DIRECTIONS:
Drop all images. Then write out each line below exactly as given.
** Opening DATA PROVIDED block **
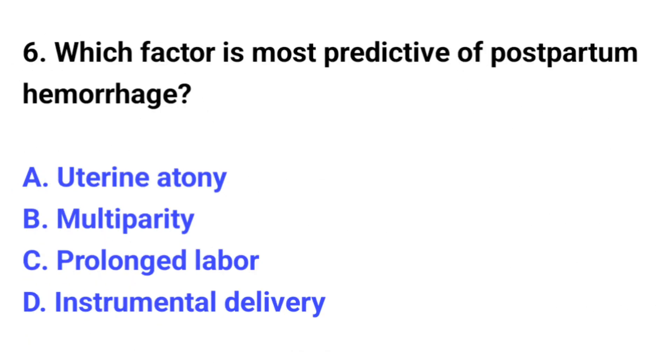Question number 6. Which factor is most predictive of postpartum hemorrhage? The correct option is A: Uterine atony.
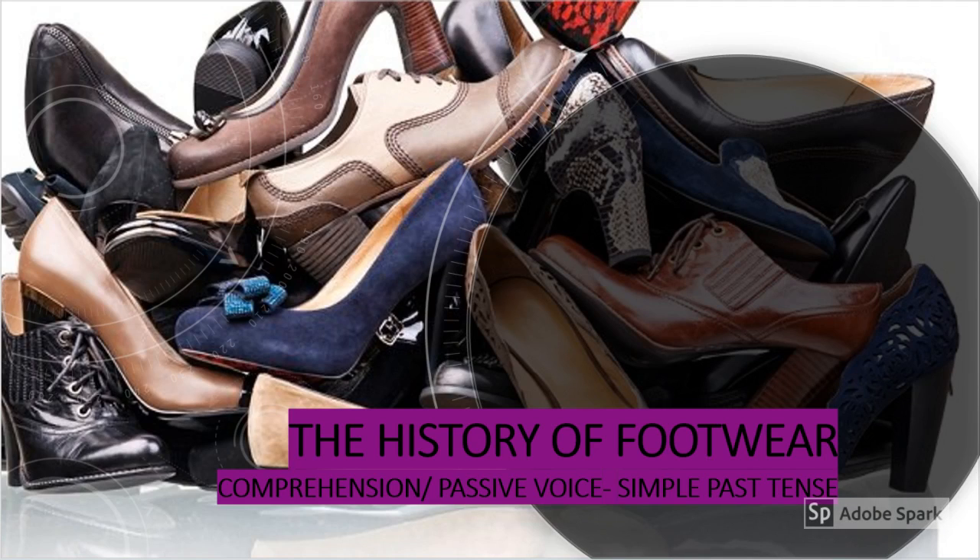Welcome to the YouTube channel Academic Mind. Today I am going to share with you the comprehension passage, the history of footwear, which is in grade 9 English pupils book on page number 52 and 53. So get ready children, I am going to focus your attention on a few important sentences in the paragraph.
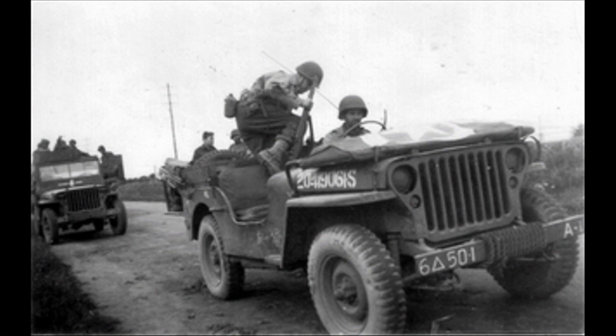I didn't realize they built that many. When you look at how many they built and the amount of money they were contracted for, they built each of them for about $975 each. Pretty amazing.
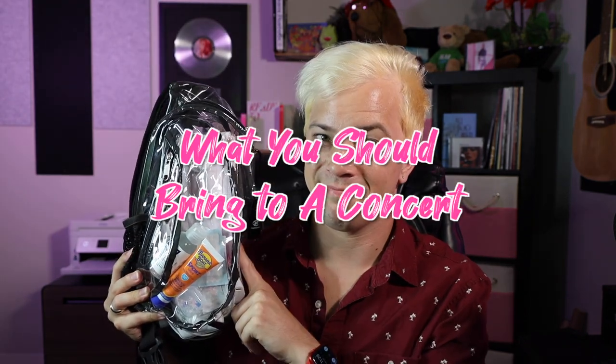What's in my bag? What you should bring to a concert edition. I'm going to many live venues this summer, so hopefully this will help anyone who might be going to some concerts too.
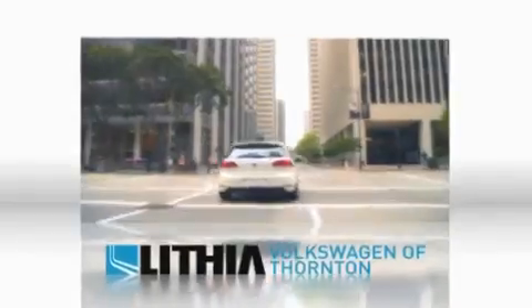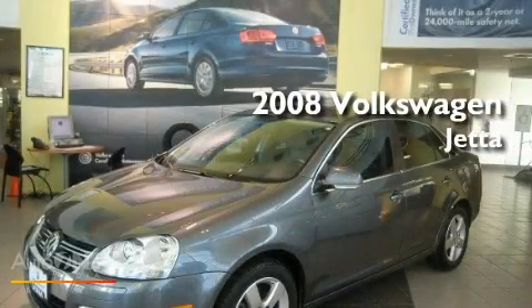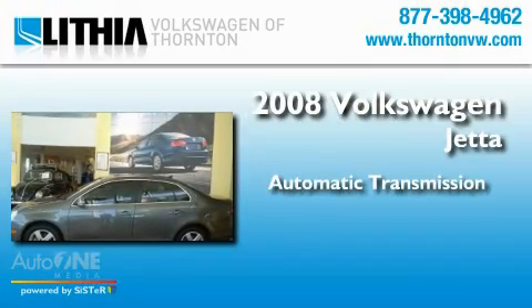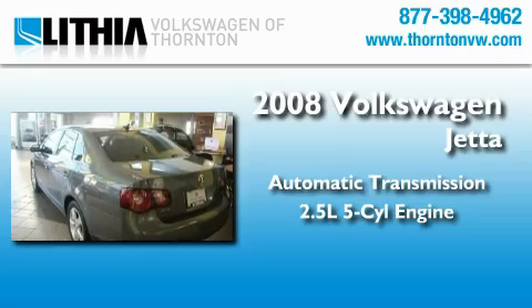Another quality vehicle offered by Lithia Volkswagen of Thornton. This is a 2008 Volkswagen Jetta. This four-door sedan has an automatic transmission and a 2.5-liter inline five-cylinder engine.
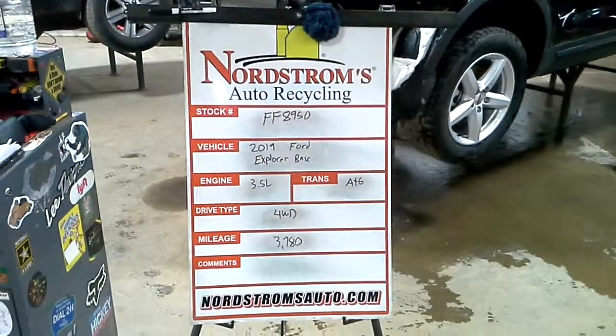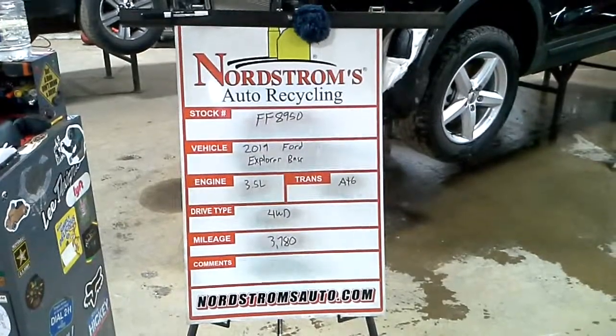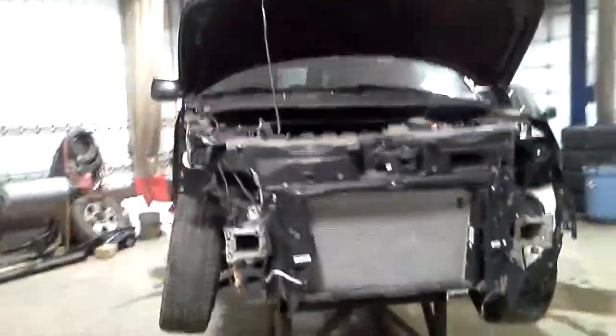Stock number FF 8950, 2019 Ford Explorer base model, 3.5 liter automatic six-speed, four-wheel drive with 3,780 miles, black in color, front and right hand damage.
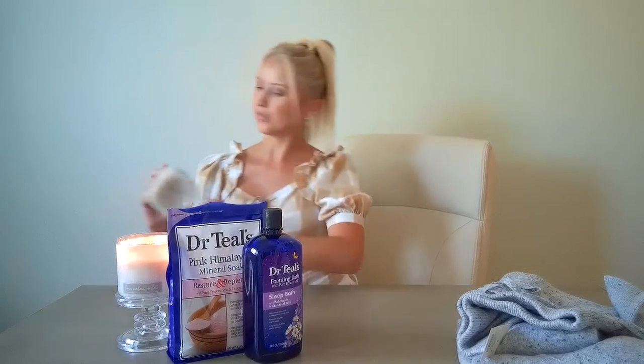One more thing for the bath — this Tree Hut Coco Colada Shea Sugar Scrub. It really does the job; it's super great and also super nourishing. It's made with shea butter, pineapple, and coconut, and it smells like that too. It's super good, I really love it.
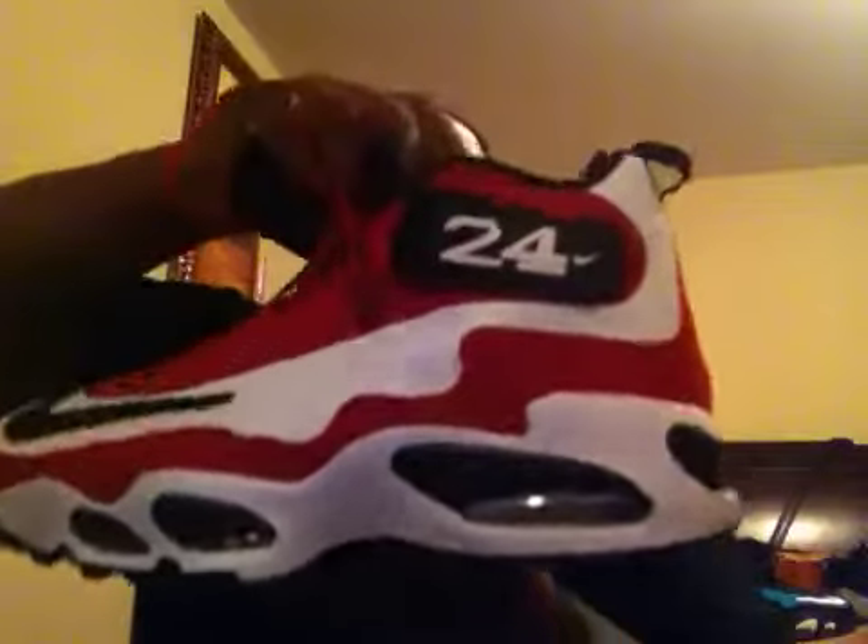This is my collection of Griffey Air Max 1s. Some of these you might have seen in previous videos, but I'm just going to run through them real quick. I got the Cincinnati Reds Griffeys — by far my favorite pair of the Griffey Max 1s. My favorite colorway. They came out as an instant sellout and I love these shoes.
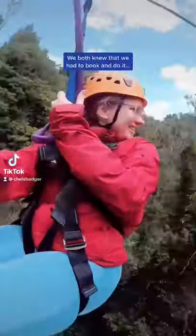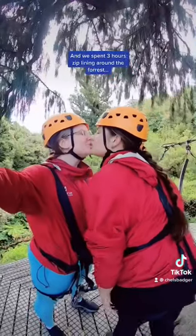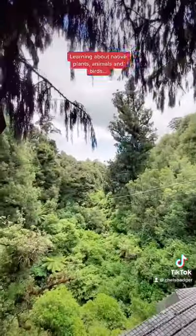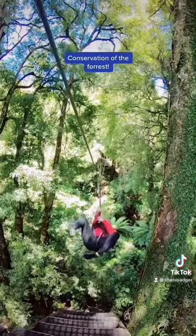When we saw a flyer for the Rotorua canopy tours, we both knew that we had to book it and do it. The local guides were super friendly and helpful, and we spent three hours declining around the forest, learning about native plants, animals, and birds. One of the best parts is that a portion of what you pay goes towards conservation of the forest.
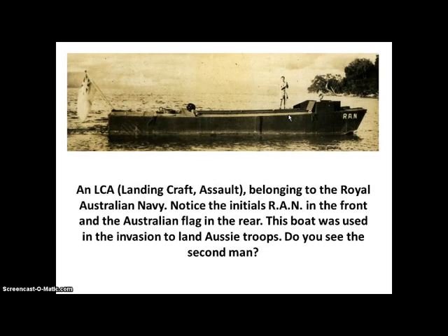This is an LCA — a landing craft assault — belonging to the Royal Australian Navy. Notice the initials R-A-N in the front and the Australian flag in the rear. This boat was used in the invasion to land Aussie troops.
** Closing DATA PROVIDED block **
ANSWER SECTION:
Question number 6. Which factor is most predictive of postpartum hemorrhage? The correct option is A: Uterine atony.
Welcome to the YouTube channel Academic Mind. Today I am going to share with you the comprehension passage, the history of footwear, which is in grade 9 English pupils book on page number 52 and 53. So get ready children, I am going to focus your attention on a few important sentences in the paragraph.
I didn't realize they built that many. When you look at how many they built and the amount of money they were contracted for, they built each of them for about $975 each. Pretty amazing.
What's in my bag? What you should bring to a concert edition. I'm going to many live venues this summer, so hopefully this will help anyone who might be going to some concerts too.
Another quality vehicle offered by Lithia Volkswagen of Thornton. This is a 2008 Volkswagen Jetta. This four-door sedan has an automatic transmission and a 2.5-liter inline five-cylinder engine.
Stock number FF 8950, 2019 Ford Explorer base model, 3.5 liter automatic six-speed, four-wheel drive with 3,780 miles, black in color, front and right hand damage.
One more thing for the bath — this Tree Hut Coco Colada Shea Sugar Scrub. It really does the job; it's super great and also super nourishing. It's made with shea butter, pineapple, and coconut, and it smells like that too. It's super good, I really love it.
This is my collection of Griffey Air Max 1s. Some of these you might have seen in previous videos, but I'm just going to run through them real quick. I got the Cincinnati Reds Griffeys — by far my favorite pair of the Griffey Max 1s. My favorite colorway. They came out as an instant sellout and I love these shoes.
When we saw a flyer for the Rotorua canopy tours, we both knew that we had to book it and do it. The local guides were super friendly and helpful, and we spent three hours declining around the forest, learning about native plants, animals, and birds. One of the best parts is that a portion of what you pay goes towards conservation of the forest.
This is an LCA — a landing craft assault — belonging to the Royal Australian Navy. Notice the initials R-A-N in the front and the Australian flag in the rear. This boat was used in the invasion to land Aussie troops.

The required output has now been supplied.